(Problem details): Only the lines from the start of the data to the line containing "Simple Stud Earrings-Solvar", both included, should be output, exactly and without pictures.

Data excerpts
╔══
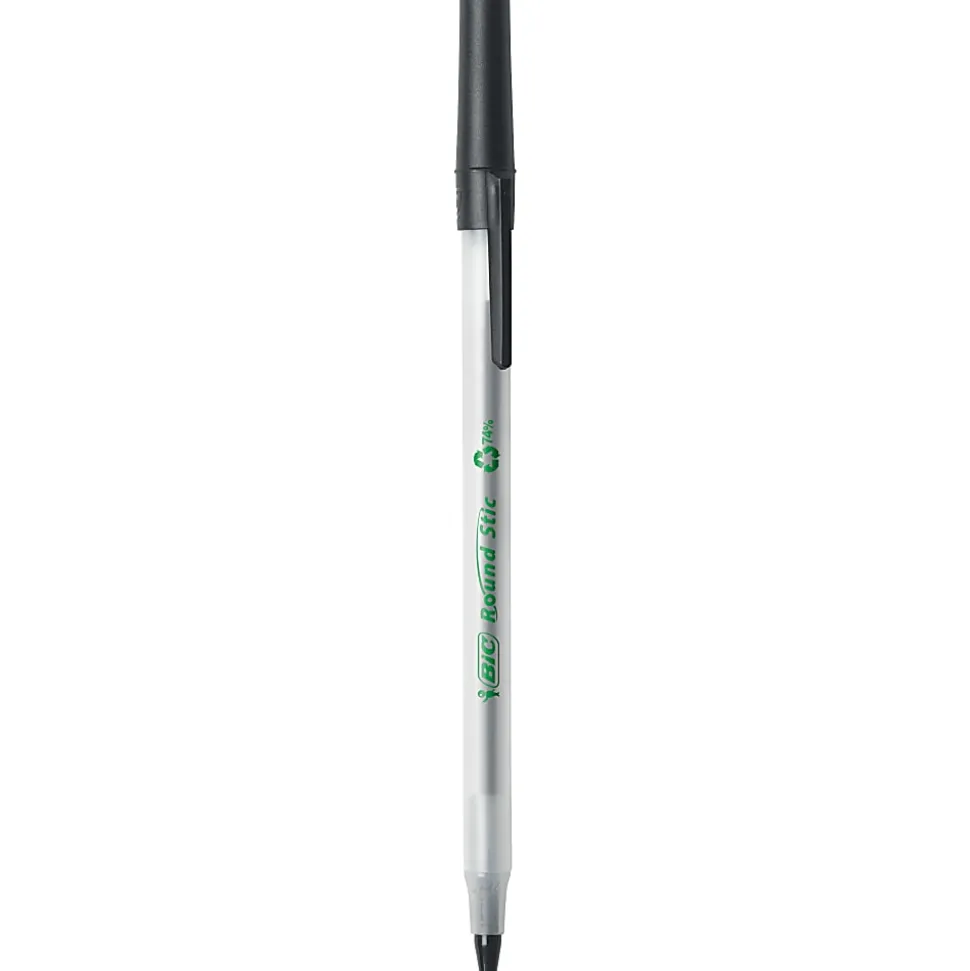 BIC® ReVolution Round Stic Pens, Medium Point, 1.0 mm, 74% Recycled, Semi-Clear Barrel, Black Ink, Pack Of 10 Pens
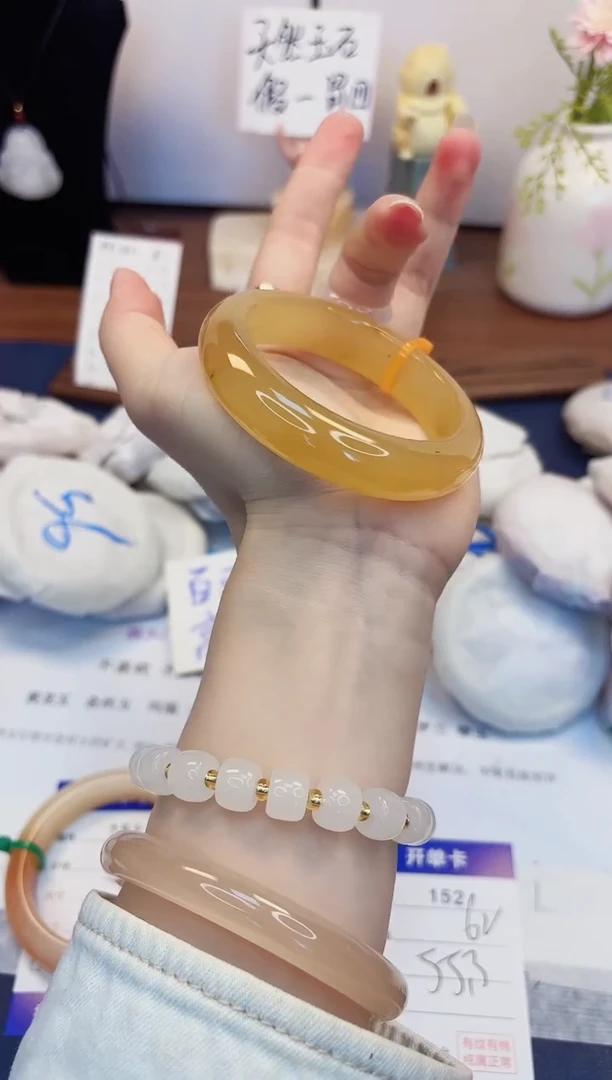【闪购商品】石英质玉手镯未镶嵌152-财气镯-圈口55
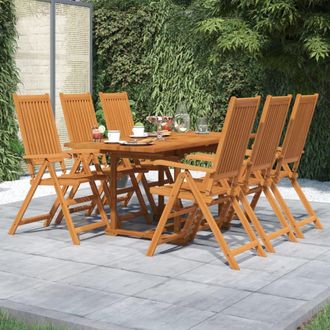 vidaXL Vidaxl - Juego De Comedor De Jard&iacute;n 7 Piezas Madera Maciza De Acacia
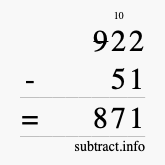 Calculate 922 minus 51 using long subtraction
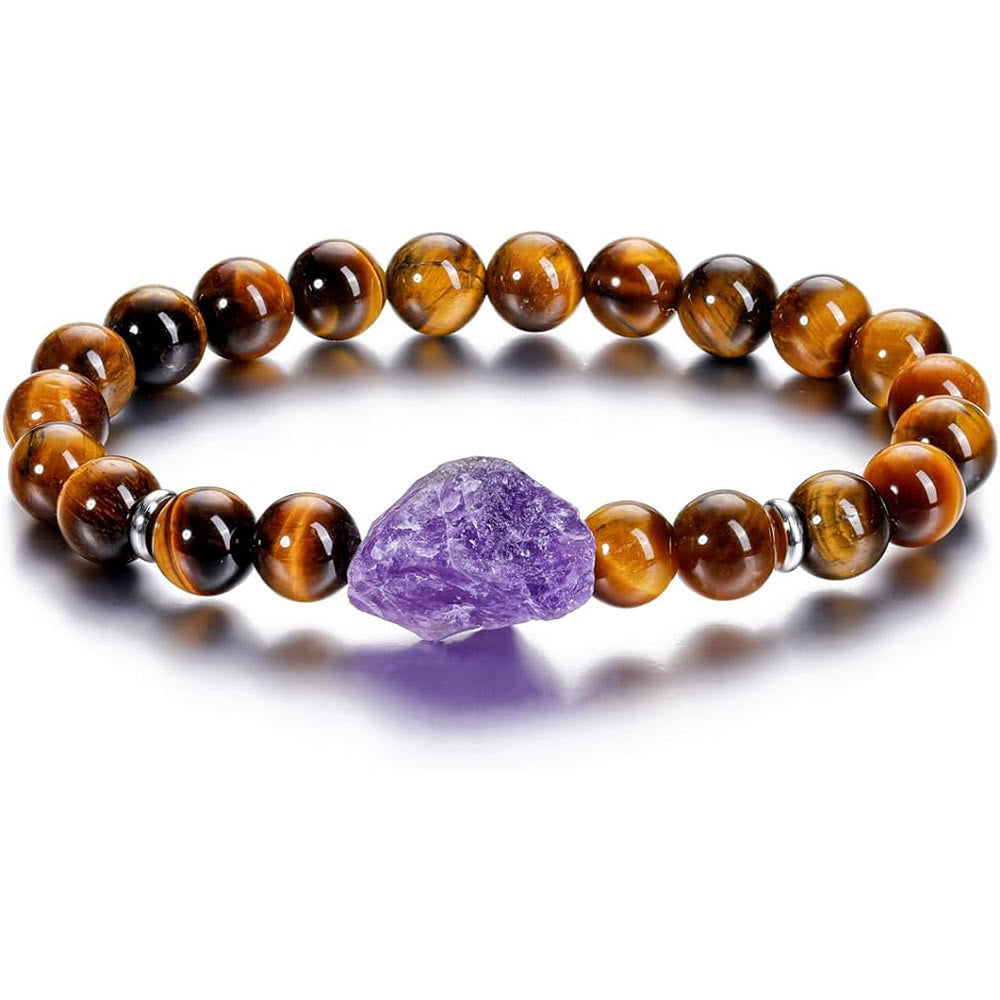 Bracelet en améthyste naturelle brute de 8 mm Olivenorma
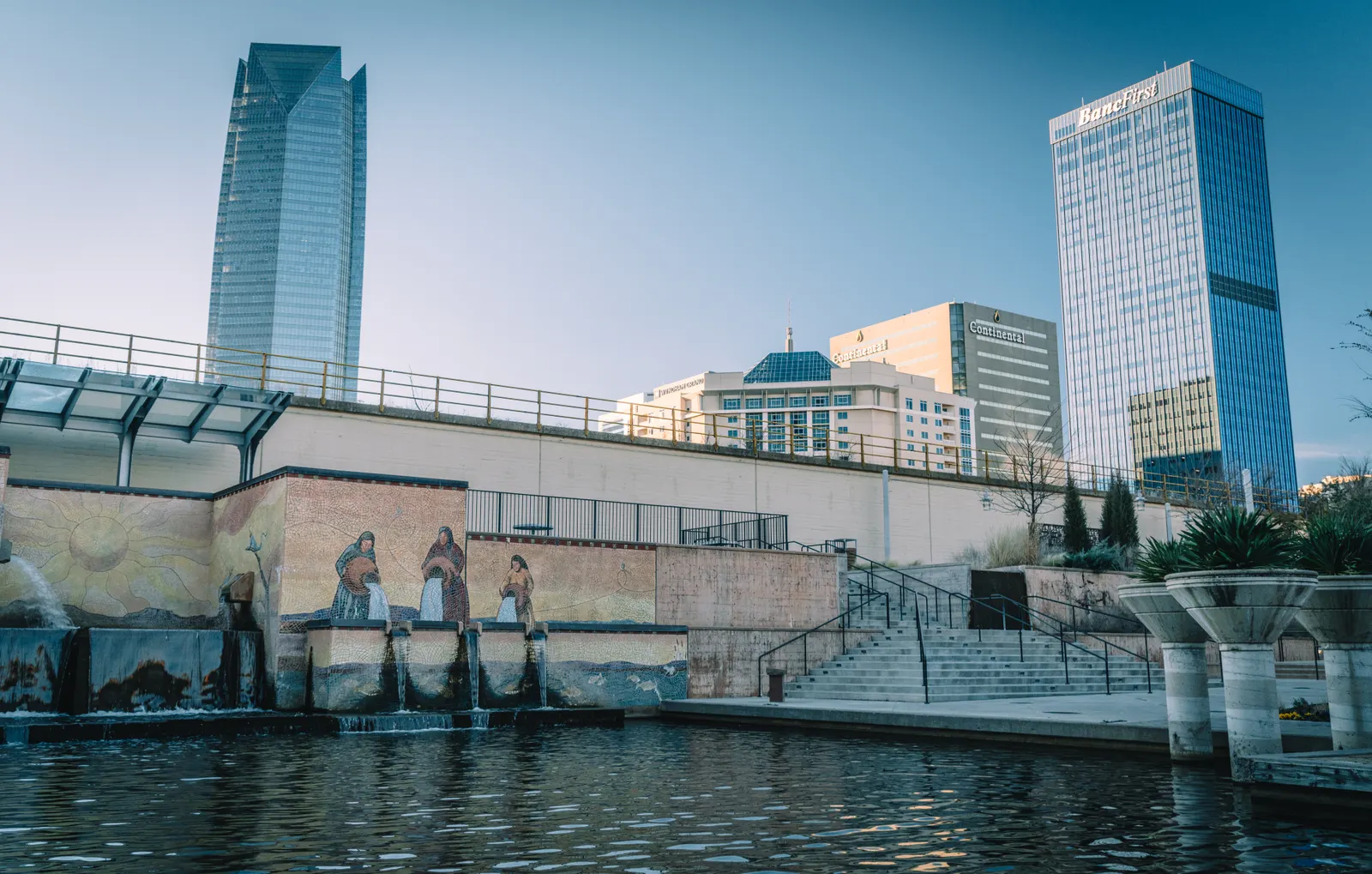The Bricktown Canal with Devon Tower and the downtown Oklahoma City skyline
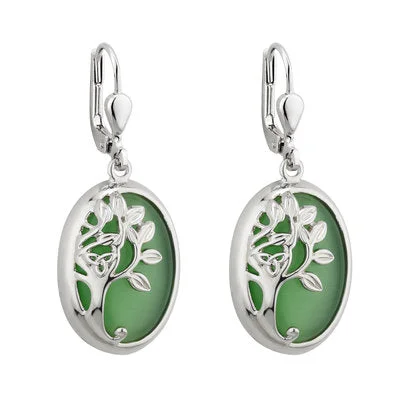 Simple Stud Earrings-Solvar Rhodium Green Tree Of Life Drop Earrings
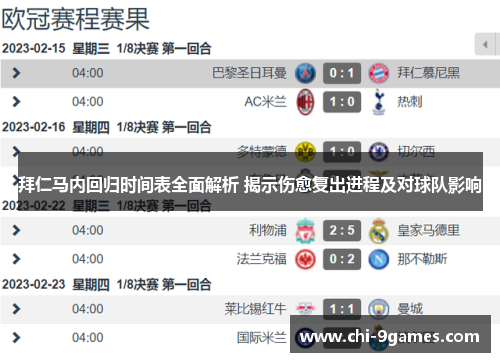 拜仁马内回归时间表全面解析 揭示伤愈复出进程及对球队影响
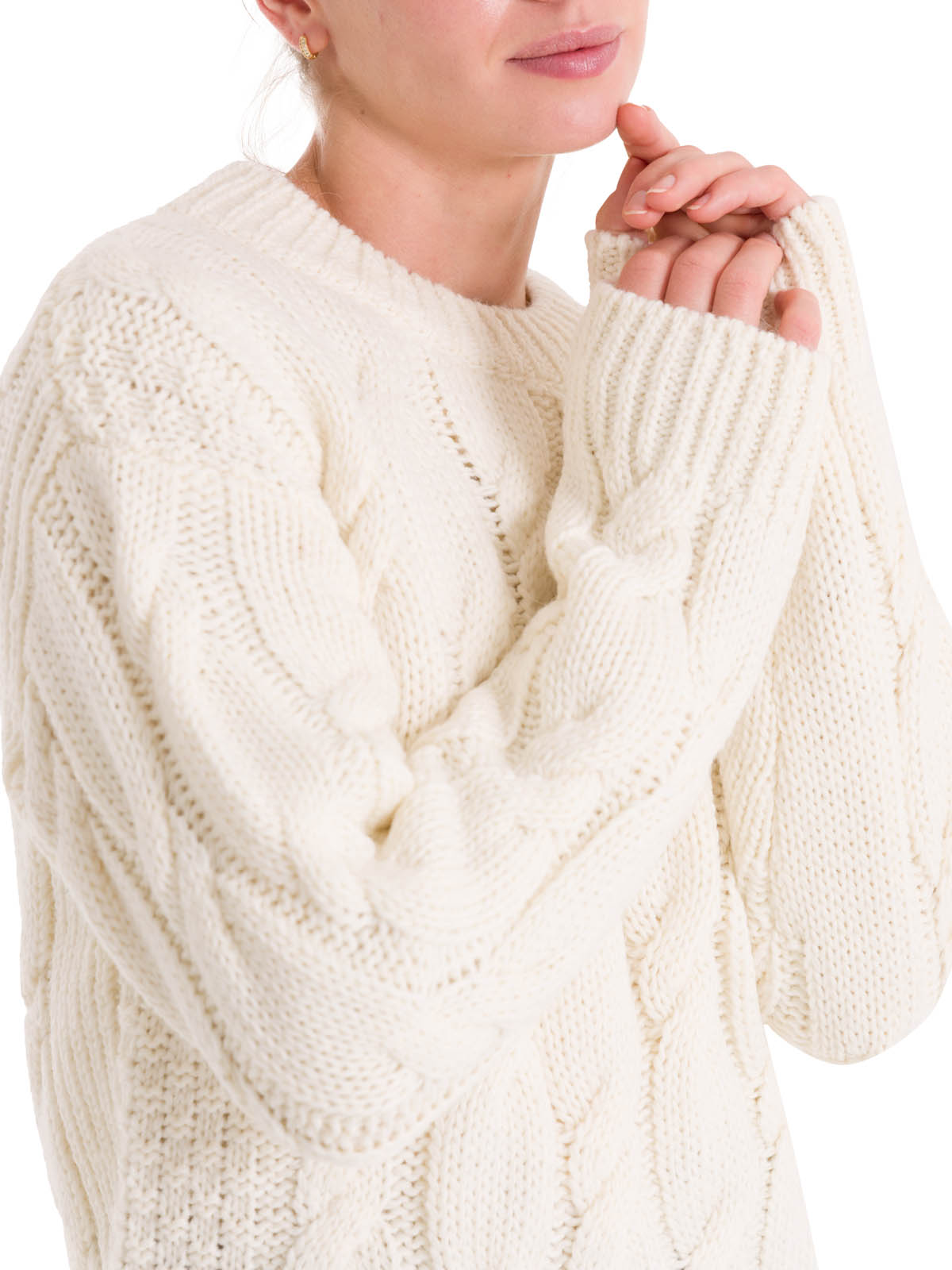 CHALECO MUJER ROCKFORD BLANCO FIBRAS NATURALES RUMANY - 5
╚══
(Answer box):
 BIC® ReVolution Round Stic Pens, Medium Point, 1.0 mm, 74% Recycled, Semi-Clear Barrel, Black Ink, Pack Of 10 Pens
【闪购商品】石英质玉手镯未镶嵌152-财气镯-圈口55
 vidaXL Vidaxl - Juego De Comedor De Jard&iacute;n 7 Piezas Madera Maciza De Acacia
 Calculate 922 minus 51 using long subtraction
 Bracelet en améthyste naturelle brute de 8 mm Olivenorma
The Bricktown Canal with Devon Tower and the downtown Oklahoma City skyline
 Simple Stud Earrings-Solvar Rhodium Green Tree Of Life Drop Earrings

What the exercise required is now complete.